In this notebook, I will walk through an analysis of speeches by the first three American presidents: George Washington, John Adams, and Thomas Jefferson.  

These presidents were chosen for several reasons.  They are all contemporaries of each other, and thus theoretically wrote speeches using similar language patterns.  The fact that they peformed these speeches more than 200 years ago adds an extra layer of challenge, as many of the phrases and words chosen are not commonly found in modern written communication.  Lastly, though they were all Founding Fathers, their levels of education, political philosophy, and temperaments were all very different. I will ultimately try to see if I can predict which of the founding fathers wrote a given sentance.  But first there is data collection and pre-processing to do.

I begin by importing the necessary libraries:

In [22]:
import pandas as pd
import nltk.tokenize
import subprocess

Included in the same folder as this Jupyter notebook is a python file named "speech_collection.py" which scrapes text data of presidential speeches of our three presidents from the Miller Center at the University of Virginia (https://millercenter.org/the-presidency/presidential-speeches).
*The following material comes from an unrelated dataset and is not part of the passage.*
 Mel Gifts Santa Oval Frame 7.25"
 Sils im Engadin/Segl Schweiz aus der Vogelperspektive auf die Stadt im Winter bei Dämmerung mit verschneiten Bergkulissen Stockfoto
The speeches are then saved as three dataframes, one for each president, with a column for the date of the speech and a column for the text of the speech.  These dataframes are then saved as .csv files and loaded into the notebook below.

In [3]:
speech_output = subprocess.run(["python", "speech_collection.py"], capture_output=True, text=True)

In [4]:
speech_output.stdout


"DataFrames saved to ('washington_speeches.csv', 'adams_speeches.csv', 'jefferson_speeches.csv')\n"

In [5]:
washington_df = pd.read_csv('washington_speeches.csv')
adams_df = pd.read_csv('adams_speeches.csv')
jefferson_df = pd.read_csv('jefferson_speeches.csv')

The first few columns of each of these dataframes appears as such:

In [6]:
washington_df.head()

Unnamed: 0,Speech_Date,Speech_Text
0,1789-04-30,Fellow Citizens of the Senate and the House of...
1,1789-10-03,Whereas it is the duty of all Nations to ackno...
2,1790-01-08,Fellow Citizens of the Senate and House of Rep...
3,1790-12-08,Fellow citizens of the Senate and House of Re...
4,1790-12-29,"I the President of the United States, by my o..."
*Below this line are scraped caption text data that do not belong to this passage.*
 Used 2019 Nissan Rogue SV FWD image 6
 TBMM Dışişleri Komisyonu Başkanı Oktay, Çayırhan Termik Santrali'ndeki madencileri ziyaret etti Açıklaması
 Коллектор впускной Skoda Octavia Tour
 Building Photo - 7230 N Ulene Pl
The following steps involves a series of processing steps that convert the dataframe of presidential speeches into a more useable form.  
-First we convert all uppercase letters to lowercase in the speech dataframe
-Then we tokenize each speech into a new column of the dataframe for sentance sized tokens and word sized tokens.

In [33]:
df_list = [washington_df, adams_df, jefferson_df]
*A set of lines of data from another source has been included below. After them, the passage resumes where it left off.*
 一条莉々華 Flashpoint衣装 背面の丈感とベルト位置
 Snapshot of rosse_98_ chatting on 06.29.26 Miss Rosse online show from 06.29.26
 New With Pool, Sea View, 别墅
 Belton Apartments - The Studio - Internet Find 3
def remove_punct(tokenized_speech):
    return [word for word in tokenized_speech if word.isalpha()]

for df in df_list:
    df['Speech_Text'] = df['Speech_Text'].apply(str.lower)
    df['Sentence_Tokens'] = df['Speech_Text'].apply(nltk.sent_tokenize)
    df['Word_Tokens'] = df['Speech_Text'].apply(nltk.word_tokenize)
    df['Word_Tokens'] = df['Word_Tokens'].apply(remove_punct)

Now that each speech as been separated into sentence and word tokens, some more interesting analysis can be done.  Note that a remove_punct function was included to eliminate any punctuation that is treated as a word by the nltk.word_tokenize function.  

Our dataframes now appear as such:

In [35]:
washington_df.head()

Unnamed: 0,Speech_Date,Speech_Text,Sentence_Tokens,Word_Tokens
0,1789-04-30,fellow citizens of the senate and the house of...,[fellow citizens of the senate and the house o...,"[fellow, citizens, of, the, senate, and, the, ..."
1,1789-10-03,whereas it is the duty of all nations to ackno...,[whereas it is the duty of all nations to ackn...,"[whereas, it, is, the, duty, of, all, nations,..."
2,1790-01-08,fellow citizens of the senate and house of rep...,[fellow citizens of the senate and house of re...,"[fellow, citizens, of, the, senate, and, house..."
3,1790-12-08,fellow citizens of the senate and house of re...,[ fellow citizens of the senate and house of r...,"[fellow, citizens, of, the, senate, and, house..."
4,1790-12-29,"i the president of the united states, by my o...","[ i the president of the united states, by my ...","[i, the, president, of, the, united, states, b..."


where elements in the new columns are lists filled with sentences or words, respectively.